(Provided data begins)
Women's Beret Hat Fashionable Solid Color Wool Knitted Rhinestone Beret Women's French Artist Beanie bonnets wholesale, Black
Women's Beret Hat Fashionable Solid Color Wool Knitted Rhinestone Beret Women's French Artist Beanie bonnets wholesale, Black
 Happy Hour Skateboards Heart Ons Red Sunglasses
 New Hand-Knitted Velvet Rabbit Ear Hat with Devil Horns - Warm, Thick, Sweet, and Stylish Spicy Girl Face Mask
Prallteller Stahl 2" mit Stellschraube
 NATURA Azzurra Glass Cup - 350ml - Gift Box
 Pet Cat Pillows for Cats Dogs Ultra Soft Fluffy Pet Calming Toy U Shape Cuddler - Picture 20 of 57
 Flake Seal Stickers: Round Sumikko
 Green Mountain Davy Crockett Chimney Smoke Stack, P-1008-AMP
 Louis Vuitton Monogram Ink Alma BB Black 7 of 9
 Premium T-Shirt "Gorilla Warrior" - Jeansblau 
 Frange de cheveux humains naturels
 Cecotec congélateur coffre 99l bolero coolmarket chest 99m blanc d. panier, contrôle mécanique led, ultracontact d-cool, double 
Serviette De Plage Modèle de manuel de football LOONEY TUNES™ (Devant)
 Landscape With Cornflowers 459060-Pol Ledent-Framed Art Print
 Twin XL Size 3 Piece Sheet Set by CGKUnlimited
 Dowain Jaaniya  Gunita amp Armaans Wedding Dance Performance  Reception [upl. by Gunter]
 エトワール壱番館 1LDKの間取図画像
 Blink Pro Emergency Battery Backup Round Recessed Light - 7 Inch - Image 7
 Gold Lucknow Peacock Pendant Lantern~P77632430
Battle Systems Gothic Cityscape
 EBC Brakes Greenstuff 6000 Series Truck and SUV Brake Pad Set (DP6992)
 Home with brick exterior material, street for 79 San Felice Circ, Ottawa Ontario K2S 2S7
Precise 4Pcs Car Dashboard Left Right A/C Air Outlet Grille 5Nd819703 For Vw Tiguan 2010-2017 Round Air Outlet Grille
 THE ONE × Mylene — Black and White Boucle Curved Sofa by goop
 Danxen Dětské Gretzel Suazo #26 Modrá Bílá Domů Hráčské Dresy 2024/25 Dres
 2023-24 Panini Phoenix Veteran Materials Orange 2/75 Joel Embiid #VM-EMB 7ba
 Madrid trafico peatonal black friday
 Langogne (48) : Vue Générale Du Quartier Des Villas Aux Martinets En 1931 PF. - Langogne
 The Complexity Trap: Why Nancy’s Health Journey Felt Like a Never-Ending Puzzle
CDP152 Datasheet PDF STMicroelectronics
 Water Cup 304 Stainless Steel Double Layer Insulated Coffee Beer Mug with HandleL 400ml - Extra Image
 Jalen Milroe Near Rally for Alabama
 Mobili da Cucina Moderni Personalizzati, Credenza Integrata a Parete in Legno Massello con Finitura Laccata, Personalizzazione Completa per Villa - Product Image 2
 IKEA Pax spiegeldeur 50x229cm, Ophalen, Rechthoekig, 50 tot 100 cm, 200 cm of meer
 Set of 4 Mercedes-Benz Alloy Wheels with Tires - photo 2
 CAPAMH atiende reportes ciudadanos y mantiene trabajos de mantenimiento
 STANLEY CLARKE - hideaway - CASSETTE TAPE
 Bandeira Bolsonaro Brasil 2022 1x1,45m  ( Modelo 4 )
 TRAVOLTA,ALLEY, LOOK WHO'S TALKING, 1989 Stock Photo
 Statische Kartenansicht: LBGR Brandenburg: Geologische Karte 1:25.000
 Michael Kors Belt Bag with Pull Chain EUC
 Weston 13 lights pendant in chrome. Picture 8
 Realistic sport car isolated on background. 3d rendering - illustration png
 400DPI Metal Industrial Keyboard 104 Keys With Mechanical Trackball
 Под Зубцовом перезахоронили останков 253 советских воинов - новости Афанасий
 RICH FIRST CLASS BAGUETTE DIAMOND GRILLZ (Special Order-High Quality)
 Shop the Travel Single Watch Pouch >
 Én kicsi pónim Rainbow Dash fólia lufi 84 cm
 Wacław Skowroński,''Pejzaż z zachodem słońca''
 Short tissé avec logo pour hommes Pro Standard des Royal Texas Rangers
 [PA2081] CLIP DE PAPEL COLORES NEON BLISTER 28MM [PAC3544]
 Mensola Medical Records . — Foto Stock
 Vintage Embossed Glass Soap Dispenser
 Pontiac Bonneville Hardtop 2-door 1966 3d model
(Provided data ends)
To do
Search the data above for the word "Stock", then gather each line in which it appears.

Solved problem
 TRAVOLTA,ALLEY, LOOK WHO'S TALKING, 1989 Stock Photo
 Mensola Medical Records . — Foto Stock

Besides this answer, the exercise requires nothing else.